Member of the Pennsylvania House of Representatives from the 198th district
- In office April 19, 1994 – December 1, 2020
- Preceded by: Bob O'Donnell
- Succeeded by: Darisha Parker

Personal details
- Born: December 20, 1946 (age 79) Philadelphia, Pennsylvania, U.S.
- Party: Democratic
- Alma mater: Antioch University

= Rosita Youngblood =

American politician (born 1946)

Rosita C. Youngblood (born December 20, 1946) is a former Democratic member of the Pennsylvania House of Representatives, representing the 198th District from 1994 until 2020. She was the first black woman to hold a position in Pennsylvania House leadership. She was elected to the House in a special election on April 5, 1994 to fill a vacancy. She held her seat until retirement in 2020.

==Ward leader==
Youngblood was the Ward Leader of the 13th Ward Democratic Executive Committee for 34 years, elected in 1986.

==Negro Mountain==
In July 2007, Youngblood called for the renaming of Negro Mountain. In a news release, she said, "Through a school project, my son and granddaughter first informed me of the name of this range and I found it to be disparaging that we have one of our great works of nature named as such… I find it disheartening for tourists who visit this range to see the plaque with the name Negro Mountain displayed on the mountainside."

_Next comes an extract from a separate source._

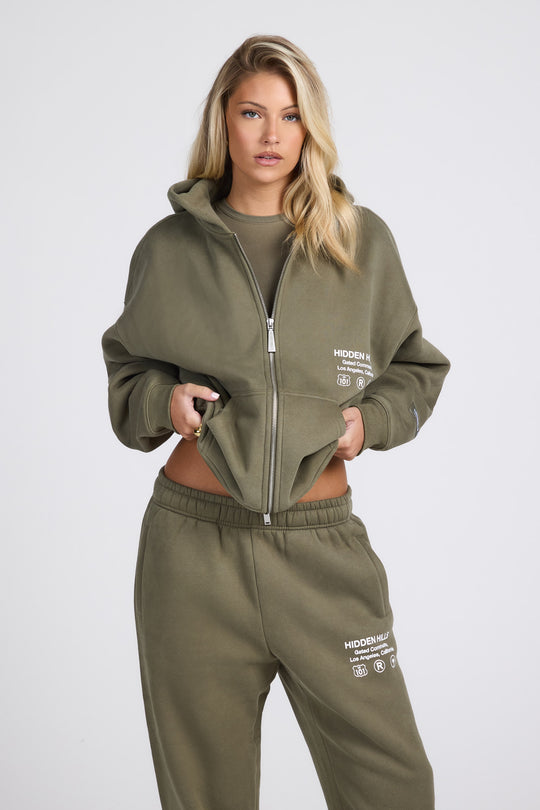 Hidden Hills Label Zip Hoodie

On 1 August 2007, Youngblood and other lawmakers introduced House Resolution No. 378 resolving that the governor "form a commission …to study the naming of Negro Mountain and Mount Davis …[to] adopt names that accurately reflect the history of the region and the heroism displayed by the African American in the Negro Mountain conflict of 1756" and accordingly to alter "brochures, plaques and signs [to] accurately reflect the facts of this heroic historical event". (The 1921 naming of Mount Davis is now also considered controversial because it honors the white settler who once owned the land, rather than the colonial African-American.)